Beginning with the line that contains "3 choses à savoir", retype the entries below exactly, ending with the line that contains "2 bed flat for". Leave out any pictures.
═══ DATA IN THIS EXERCISE
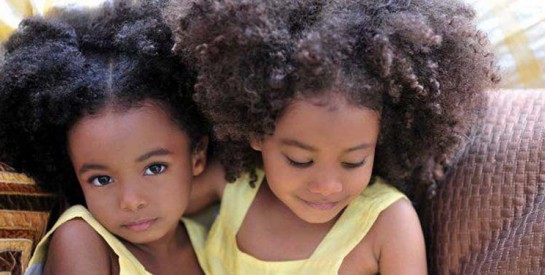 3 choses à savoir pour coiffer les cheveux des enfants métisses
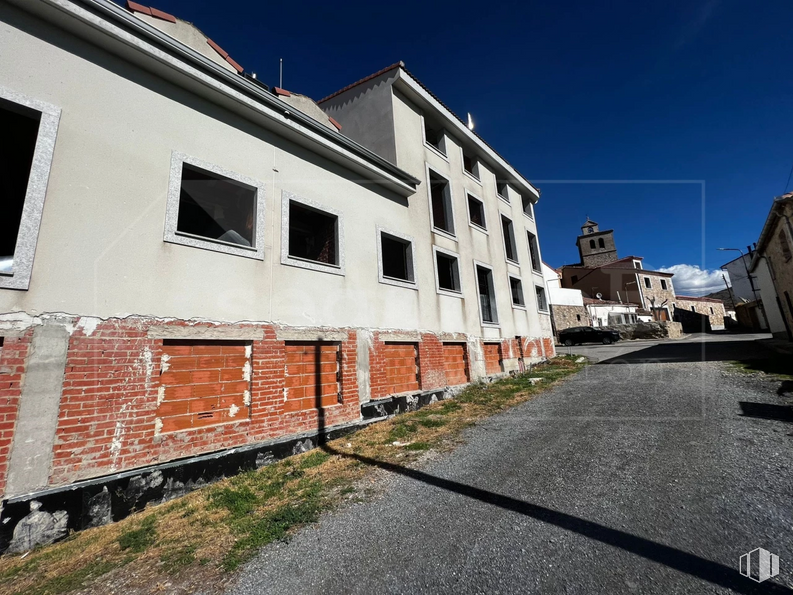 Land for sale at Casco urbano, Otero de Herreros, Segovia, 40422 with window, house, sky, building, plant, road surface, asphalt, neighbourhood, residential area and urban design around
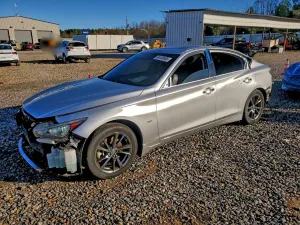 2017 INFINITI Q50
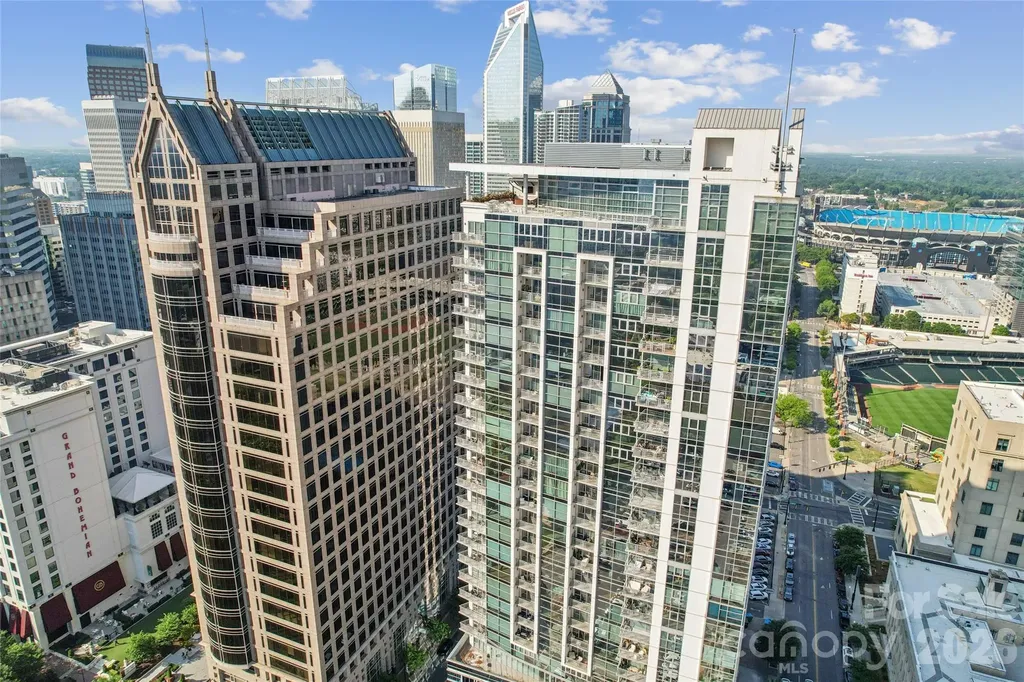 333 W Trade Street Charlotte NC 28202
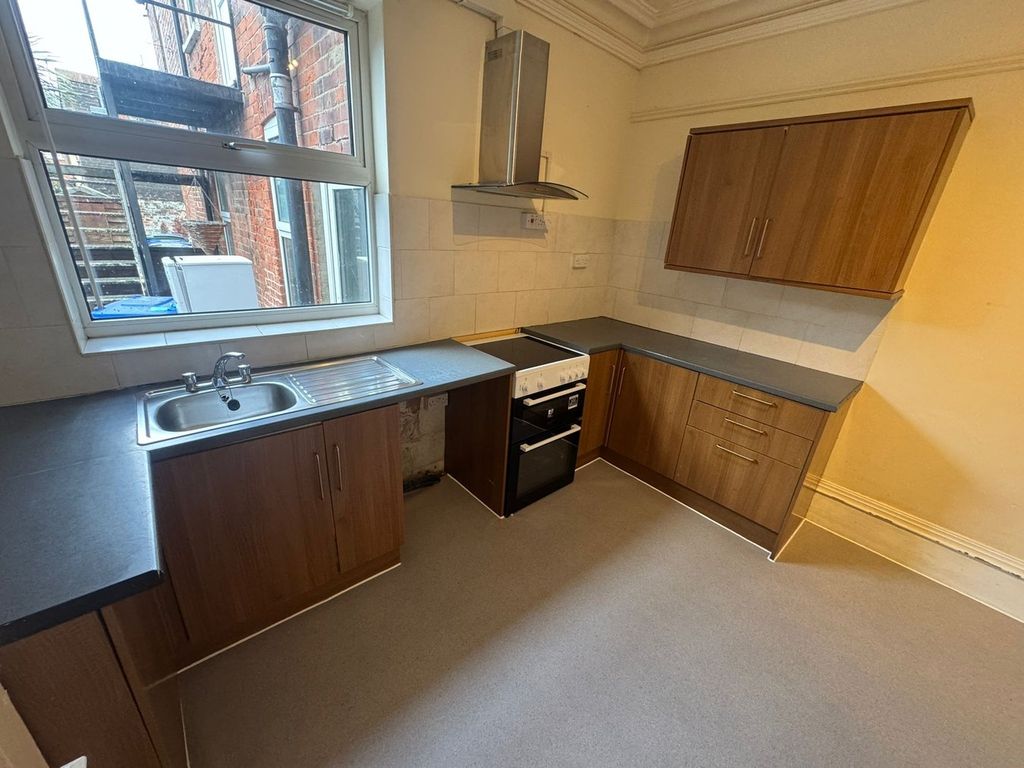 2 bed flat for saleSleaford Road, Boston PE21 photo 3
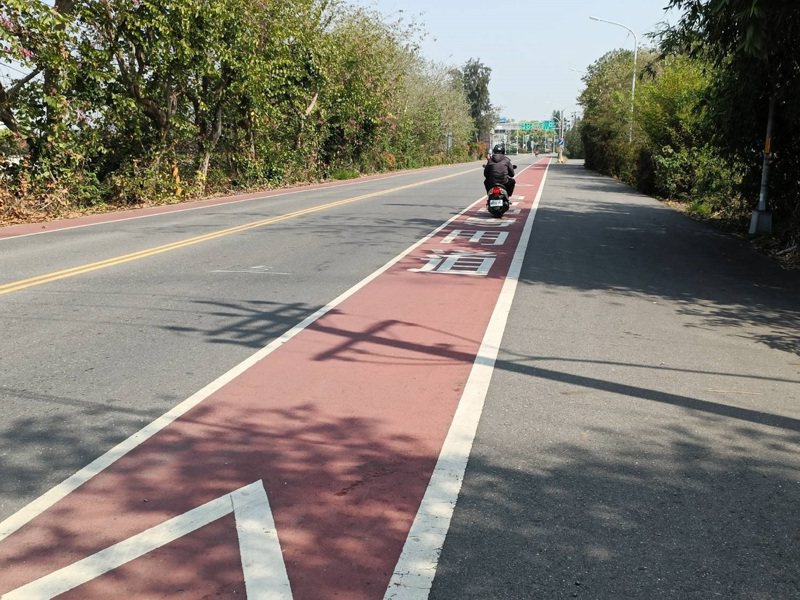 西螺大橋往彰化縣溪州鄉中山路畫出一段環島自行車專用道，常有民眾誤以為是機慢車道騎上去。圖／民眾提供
══════
═══ DATA IN THIS EXERCISE
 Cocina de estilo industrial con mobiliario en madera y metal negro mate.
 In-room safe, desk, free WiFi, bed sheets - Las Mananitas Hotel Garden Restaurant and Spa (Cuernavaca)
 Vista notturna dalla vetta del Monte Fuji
══════
═══ DATA IN THIS EXERCISE
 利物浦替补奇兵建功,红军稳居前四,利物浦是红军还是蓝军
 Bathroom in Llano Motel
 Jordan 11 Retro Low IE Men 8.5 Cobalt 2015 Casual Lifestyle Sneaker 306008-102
══════
**COMPLETED EXERCISE:**
 3 choses à savoir pour coiffer les cheveux des enfants métisses
 Land for sale at Casco urbano, Otero de Herreros, Segovia, 40422 with window, house, sky, building, plant, road surface, asphalt, neighbourhood, residential area and urban design around
 2017 INFINITI Q50
 333 W Trade Street Charlotte NC 28202
 2 bed flat for saleSleaford Road, Boston PE21 photo 3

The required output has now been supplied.